Nell’Italia contemporanea, sembra muoversi un occulto sistema deviato di servizi segreti che tartassa, rapisce e inquisisce persone d’ogni tipo. Il lettore viene a conoscenza d’esperienze di personaggi differenti, ciascuno accompagnato da un segreto inconfessabile. Gli intervistatori sanno tutto: mettono al muro, immersi nel buio, le loro vittime. Ecco quindi Giordana Trecase, sicura di sé, forte e insensibile; il professor Francesco Vitali, gentile, timido ed educato; l’inventore di gusti per gelati, Felice Calissano, ossessionato dal non senso; la scortese, dura ed iraconda Noemi Scotti avvolta da una insolita e non voluta notorietà, e lo scrittore Ennio Veruziis ed il uso romanzo sovversivo ed impubblicabile. Tutti sono colti nella maglia degli interrogatori. Uno solo tra loro sembra sfuggire: Ivano Argentero, che ossessionato, cerca di scoprire come e perché sia avvenuto il suo rapimento ed interrogatorio.
Il modus operandi degli intervistatori risulta essere caratterizzato da costanti e puntigliose domande. In principio essi domandano particolari minori, quasi insignificanti, per poi inserirsi subdoli e dissacranti nel profondo degli intervistati. Essi manifestano continue esortazioni a parlare ed espressioni come “vogliamo che parli con noi”, “ce ne parli” si ripetono in tutte le interviste. Il tutto è accompagnato da una finta cortesia, da una dura ironia, da un costante quanto fastidioso interrogare i malcapitati ripetendone il cognome. “Non ha pensato niente, signor Calissano? –No. Niente. –Qualcosa avrà pur pensato, signor Calissano. –Niente. –Quindi niente. Signor Calissano, tutto ciò per lei non ha senso, dobbiamo presumere”.
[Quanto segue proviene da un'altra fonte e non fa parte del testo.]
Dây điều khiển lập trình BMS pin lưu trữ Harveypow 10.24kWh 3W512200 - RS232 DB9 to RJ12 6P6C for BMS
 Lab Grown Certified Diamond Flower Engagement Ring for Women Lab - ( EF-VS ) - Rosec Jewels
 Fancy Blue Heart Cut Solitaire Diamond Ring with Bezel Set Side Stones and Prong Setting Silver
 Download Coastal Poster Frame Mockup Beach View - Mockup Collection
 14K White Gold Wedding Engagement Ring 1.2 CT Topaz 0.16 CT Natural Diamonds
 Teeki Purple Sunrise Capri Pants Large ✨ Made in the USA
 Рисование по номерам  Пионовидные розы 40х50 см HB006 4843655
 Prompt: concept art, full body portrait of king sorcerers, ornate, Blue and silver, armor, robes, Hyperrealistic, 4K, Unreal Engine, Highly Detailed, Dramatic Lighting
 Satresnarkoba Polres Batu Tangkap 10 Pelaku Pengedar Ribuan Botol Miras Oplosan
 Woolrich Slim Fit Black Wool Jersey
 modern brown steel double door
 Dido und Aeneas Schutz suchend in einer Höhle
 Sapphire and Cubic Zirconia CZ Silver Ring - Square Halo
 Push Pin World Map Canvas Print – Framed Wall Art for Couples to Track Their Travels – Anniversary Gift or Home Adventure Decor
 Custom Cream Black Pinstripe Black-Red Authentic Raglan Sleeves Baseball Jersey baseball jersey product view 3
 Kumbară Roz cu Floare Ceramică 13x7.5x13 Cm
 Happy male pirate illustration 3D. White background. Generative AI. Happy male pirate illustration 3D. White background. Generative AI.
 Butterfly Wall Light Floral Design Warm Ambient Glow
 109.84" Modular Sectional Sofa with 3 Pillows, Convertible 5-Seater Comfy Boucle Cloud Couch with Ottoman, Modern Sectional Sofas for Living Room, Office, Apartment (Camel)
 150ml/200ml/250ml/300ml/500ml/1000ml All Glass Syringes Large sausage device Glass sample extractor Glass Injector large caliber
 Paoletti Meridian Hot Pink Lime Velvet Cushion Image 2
Attraverso tutte queste esperienze, l’autore rappresenta il disagio della profanazione interiore che distruggerebbe chiunque. Ma la penna dello scrittore lascia il dubbio nel lettore. Fa più paura l’intervista o l’accettazione del proprio segreto? Fa più paura la domanda o la coscienza di sapere già la risposta? Le verità che gli intervistatori indagano sembrerebbero più inquietanti dei metodi criminosi utilizzati per estorcerle. Di conseguenza viene meno l’importanza del contenuto, sarebbe facile compiere un’analisi psichiatrica da quattro soldi per cogliere un complesso d’Elettra da un lato (Noemi Scotti) ed una latente omosessualità dall’altro (Francesco Vitali). Guadagna in visibilità lo strato brumoso della coscienza umana, della difficoltà di ciascuno ad accettare le proprie paure.
Per tutti questi aspetti, il romanzo non assume contorni definiti, nitidi e marcati, ma la storia s’ammanta di nebbia e foschia. La logica della verosimiglianza viene meno in molti passaggi, soprattutto nella ricerca compiuta dal protagonista Ivano. I suoi movimenti, le sue scelte sembrano essere motivate più dall’istinto che da induzioni e riflessioni investigative. Un esempio palese di questa rappresentazione è il suo viaggio in una Calabria desolata, sfuggente nei contorni, popolata da boschi e paesi fantasmi. Irrazionali sono le scelte che portano Ivano a minacciare Augusto Papi, a squartare il cadavere d’un ghiro, a bussare e grattare verso una porta che non si apre. Ma mai si raggiunge l’onirico, perché sono storie radicate nel profondo, pesanti come macigni che schiantano l’individuo con le sue verità inconfessabili. Il lettore è immerso nella nebbia, ma i piedi son ben saldi sul duro suolo.